Because of its position on abortion, some members of the Catholic Church asked for its moral guidance on the use of vaccines developed using cell strains started with human fetal cells. This includes the vaccine against rubella as well as those against chickenpox and hepatitis A, and some other vaccines. The official position according to the National Catholic Bioethics Center is that individuals should, when possible, use vaccines not developed with the use of these human cell strains. However, in the case where the only vaccine available against a particular disease was developed using this approach, the NCBC notes:
One is morally free to use the vaccine regardless of its historical association with abortion. The reason is that the risk to public health, if one chooses not to vaccinate, outweighs the legitimate concern about the origins of the vaccine. This is especially important for parents, who have a moral obligation to protect the life and health of their children and those around them.
source

The Church of Jesus Christ of Latter-day Saints has not specifically addressed the issue of using embryonic cell lines, however the Church has made several statements in support of the entire range of childhood vaccines include an ex cathedra statement from the First Presidency in 1978. The statement read in part:
“Immunization is such a simple, yet vital, matter and such a small price to pay for protection against … destroying diseases.
“Failure to act could subject untold thousands to preventable lifelong physical or mental impairment, including paralysis, blindness, deafness, heart damage, and mental retardation.
We urge members of the Church … to protect their own children through immunization. Then they may wish to join other public-spirited citizens in efforts to eradicate ignorance and apathy that have caused the disturbingly low levels of childhood immunization.” (Reported in Ensign, July 1978, p. 79.)
source
The statement was re-iterated in 1985. source

The church encourages parents to fully vaccinate their children and also funds an official worldwide initiative for childhood vaccinations.

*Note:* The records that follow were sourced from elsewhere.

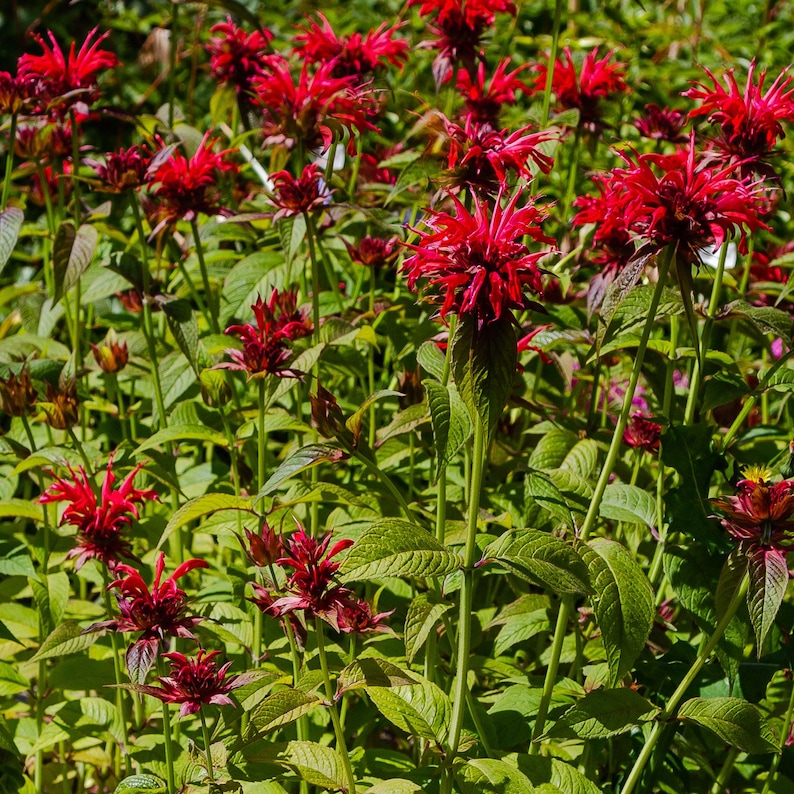 Salvia Monarda Bee Balm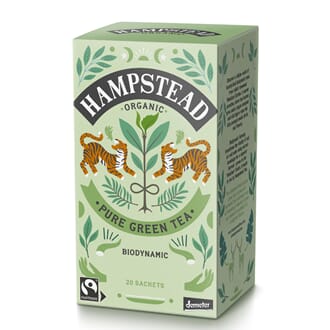 Hampstead Tea økologisk grønn te 20 poser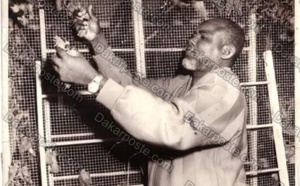 Voici le milliardaire El Hadji Diallo Picc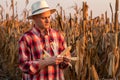 Young farmer standing in corn field, examining the crop before harvest at sunset. Royalty Free Stock Photo
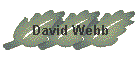 David Webb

A blue and teal infographic that describes the importance of vaccinations and the Church’s efforts to provide immunizations such as measles vaccinations globally.

Thus, for a Latter-day Saint, not only is there no moral excuse for refusing vaccinations, there is a strong moral requirement for parents to fully vaccinate their children given in language that is about as strong as you are ever likely to get from the First Presidency on any issue.